«Um dia perguntei… Porquê? O silêncio respondeu…»

Muitas vezes, a única resposta que obtemos é exatamente o silêncio

Esta reflexão, do Velho do Restelo, cruzou o meu caminho no Lumiar, em Lisboa, e também me foi enviada pelo Duarte. Diz: «Um dia perguntei… Porquê? O silêncio respondeu…».

Muitas vezes, a única resposta que obtemos é exatamente o silêncio, «inútil a resposta da noite à minha dúvida», nas palavras de Gastão Cruz. Por muitas que sejam as nossas dúvidas, as nossas inquietações, há ocasiões em que nada parece trazer a solução, a resposta. E é quando o silêncio nos responde que ficamos sós e temos de ser nós próprios a encontrar a resposta. Até porque as respostas, tal como as perguntas, têm origem em nós. Porque, como diz Afonso Cruz: «Qualquer conhecimento gera desconhecimento infinito». Somos nós quem se questiona, quem levanta a dúvida. Ora, se procurarmos bem dentro de nós, no âmago do que nos levou à pergunta, acabamos por encontrar pistas para a resposta.

Num poema, diz Manoel de Barros: «Meu fado é o de não saber quase tudo. / Sobre o nada eu tenho profundidades. / (…) Poderoso para mim não é aquele que descobre ouro. / Para mim poderoso é aquele que descobre as / insignificâncias (do mundo e as nossas)». E esta é uma perspetiva muito interessante, exatamente porque valoriza aquilo que a vida tem de mais belo – os imponderáveis, as supressas, os pormenores, os acontecimentos que parecem menores, mas que, no fundo, são a própria essência da vida. E, sobre o nada ter «profundidades» é de uma enorme beleza, porque é o nada que nos rodeia. É fundamental termos essa consciência, termos a capacidade não de «amar a vida hipoteticamente pelo que dela se espera» mas «amá-la incondicionalmente pelo que ela é, muitas vezes na completa impotência ou na extrema vulnerabilidade», como diz Tolentino Mendonça, até porque, como lucidamente afirma: «Qualquer que seja a nossa idade ou a estação em que nos encontremos a viver, a verdade é que somos, até ao fim, uma coisa no seu começo, a verdade é que habitamos unicamente começos. Nada mais».

E ter essa consciência de que «habitamos unicamente começos» ajuda-nos a enfrentar a vida de cabeça erguida, ajuda-nos a perceber a vida de cabeça erguida, ajuda-nos a perceber que qualquer resposta que obtenhamos é sempre incompleta e insuficiente.
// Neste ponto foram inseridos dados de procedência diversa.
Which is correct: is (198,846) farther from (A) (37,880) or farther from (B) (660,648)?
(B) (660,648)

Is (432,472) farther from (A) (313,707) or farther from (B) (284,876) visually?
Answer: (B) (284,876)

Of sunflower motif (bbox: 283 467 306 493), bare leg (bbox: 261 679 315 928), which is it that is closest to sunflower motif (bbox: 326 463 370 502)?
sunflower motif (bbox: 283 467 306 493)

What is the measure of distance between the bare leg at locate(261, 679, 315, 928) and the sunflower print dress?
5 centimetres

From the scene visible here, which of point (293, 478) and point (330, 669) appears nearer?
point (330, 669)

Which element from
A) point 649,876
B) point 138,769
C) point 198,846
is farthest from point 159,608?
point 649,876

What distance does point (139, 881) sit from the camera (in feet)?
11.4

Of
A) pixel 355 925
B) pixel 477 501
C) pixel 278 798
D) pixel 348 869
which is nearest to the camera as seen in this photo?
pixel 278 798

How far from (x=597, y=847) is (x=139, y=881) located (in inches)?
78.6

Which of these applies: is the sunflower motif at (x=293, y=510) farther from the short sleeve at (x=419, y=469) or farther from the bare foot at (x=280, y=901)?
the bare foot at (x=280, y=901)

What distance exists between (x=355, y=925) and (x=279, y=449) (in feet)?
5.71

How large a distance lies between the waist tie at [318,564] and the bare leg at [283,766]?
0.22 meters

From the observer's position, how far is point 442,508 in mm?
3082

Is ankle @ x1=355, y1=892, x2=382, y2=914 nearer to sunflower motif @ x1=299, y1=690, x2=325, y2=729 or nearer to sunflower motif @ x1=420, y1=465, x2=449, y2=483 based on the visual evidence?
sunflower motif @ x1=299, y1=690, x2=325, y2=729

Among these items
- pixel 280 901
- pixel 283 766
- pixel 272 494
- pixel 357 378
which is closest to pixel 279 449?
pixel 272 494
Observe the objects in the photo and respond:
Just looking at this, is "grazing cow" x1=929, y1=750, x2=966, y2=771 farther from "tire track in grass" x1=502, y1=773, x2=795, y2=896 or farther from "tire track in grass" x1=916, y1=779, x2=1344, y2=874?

Termos esse conhecimento ajuda-nos a encarar as respostas que só o silêncio nos dá e a viver plenamente as «insignificâncias», como diz o poeta, tanto do mundo como as nossas.
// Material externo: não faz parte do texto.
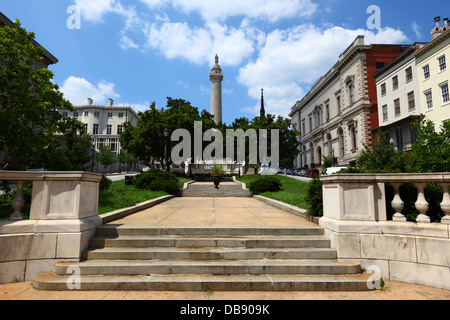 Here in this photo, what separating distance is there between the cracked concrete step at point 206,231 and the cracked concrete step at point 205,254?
2.06 feet

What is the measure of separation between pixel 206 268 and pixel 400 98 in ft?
127

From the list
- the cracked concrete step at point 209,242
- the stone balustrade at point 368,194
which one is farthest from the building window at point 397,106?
the cracked concrete step at point 209,242

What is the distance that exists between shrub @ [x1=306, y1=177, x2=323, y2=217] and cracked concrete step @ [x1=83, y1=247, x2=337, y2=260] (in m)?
1.63

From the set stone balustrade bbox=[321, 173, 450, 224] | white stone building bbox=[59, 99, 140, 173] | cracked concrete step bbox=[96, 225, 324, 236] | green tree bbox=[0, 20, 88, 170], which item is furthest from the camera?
white stone building bbox=[59, 99, 140, 173]

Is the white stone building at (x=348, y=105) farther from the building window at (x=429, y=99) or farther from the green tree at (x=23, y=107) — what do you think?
the green tree at (x=23, y=107)

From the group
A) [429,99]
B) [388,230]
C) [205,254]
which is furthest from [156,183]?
[429,99]

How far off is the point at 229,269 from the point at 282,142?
3991cm

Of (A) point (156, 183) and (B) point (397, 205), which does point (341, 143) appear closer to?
(A) point (156, 183)

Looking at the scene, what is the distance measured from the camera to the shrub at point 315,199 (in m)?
6.48

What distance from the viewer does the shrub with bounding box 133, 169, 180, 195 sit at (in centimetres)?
1695

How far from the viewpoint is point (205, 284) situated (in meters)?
4.18

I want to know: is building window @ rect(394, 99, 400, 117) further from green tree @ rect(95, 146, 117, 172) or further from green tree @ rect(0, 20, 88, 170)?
green tree @ rect(95, 146, 117, 172)

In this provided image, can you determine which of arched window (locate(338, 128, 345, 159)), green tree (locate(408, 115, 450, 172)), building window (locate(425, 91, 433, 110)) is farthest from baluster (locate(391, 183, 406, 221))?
arched window (locate(338, 128, 345, 159))
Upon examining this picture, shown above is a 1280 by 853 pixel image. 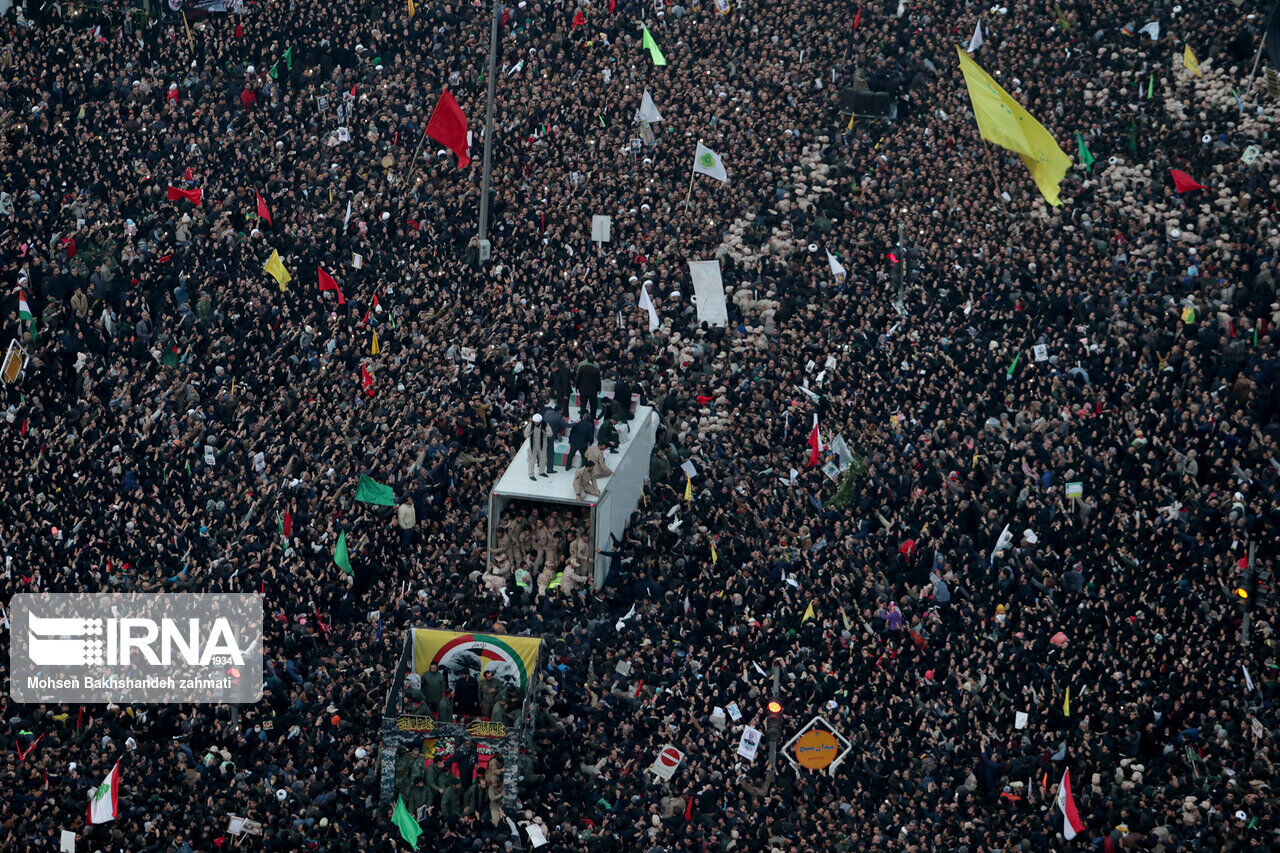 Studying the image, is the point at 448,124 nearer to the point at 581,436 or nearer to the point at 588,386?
the point at 588,386

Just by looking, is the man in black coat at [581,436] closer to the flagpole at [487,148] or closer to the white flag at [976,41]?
the flagpole at [487,148]

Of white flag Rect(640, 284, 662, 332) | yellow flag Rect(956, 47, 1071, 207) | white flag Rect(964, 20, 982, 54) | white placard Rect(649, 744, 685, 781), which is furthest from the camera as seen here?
white flag Rect(964, 20, 982, 54)

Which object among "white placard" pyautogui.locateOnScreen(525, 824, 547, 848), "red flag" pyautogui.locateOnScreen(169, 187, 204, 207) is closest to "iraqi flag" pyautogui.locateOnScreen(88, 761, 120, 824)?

Há um ensinamento oriental que diz que o silêncio é tudo aquilo de que precisamos para resolvermos as nossas dúvidas existenciais. Quantas vezes não é só no silêncio que encontramos as mais significativas respostas? No meio da confusão e do barulho do dia a dia é quase impossível concentramo-nos e meditarmos, ponderarmos sobre o que nos rodeia e sobre nós próprios. A azáfama da vida anestesia-nos e impede-nos de refletirmos. Como diz Tolentino Mendonça: «Deveríamos dedicar mais tempo a escutar essas perguntas que pulsam no nosso interior, soterradas no atordoamento dos dias, omitidas pelo pragmatismo ou pelo medo, adiadas para um momento ideal que depois nunca é».

Precisamos de silêncio à nossa volta e, sobretudo, dentro de nós para conseguirmos ouvir as nossas perguntas, aquietarmos os nossos pensamentos, alcançarmos serenidade, e, o que é muito importante, encontrarmos soluções, clarearmos caminhos e descobrirmos as respostas que sempre nos habitaram, porque, como diz Ramos Rosa: «Nada é inacessível no silêncio».

Mas, na realidade, enfrentar o silêncio é algo muito difícil, porque o silêncio coloca-nos frente a tudo aquilo que tentamos esquecer com o barulho que fazemos. E isso pode ser doloroso e amedrontador. O barulho ajuda-nos porque afasta o silêncio e é no silêncio que somos «obrigados» a pensar e a estar connosco próprios, o que é algo que, na maior parte do tempo, evitamos. Talvez porque, sendo humanos, nos sintamos inseguros e com o coração trémulo, por não termos corações de ferro.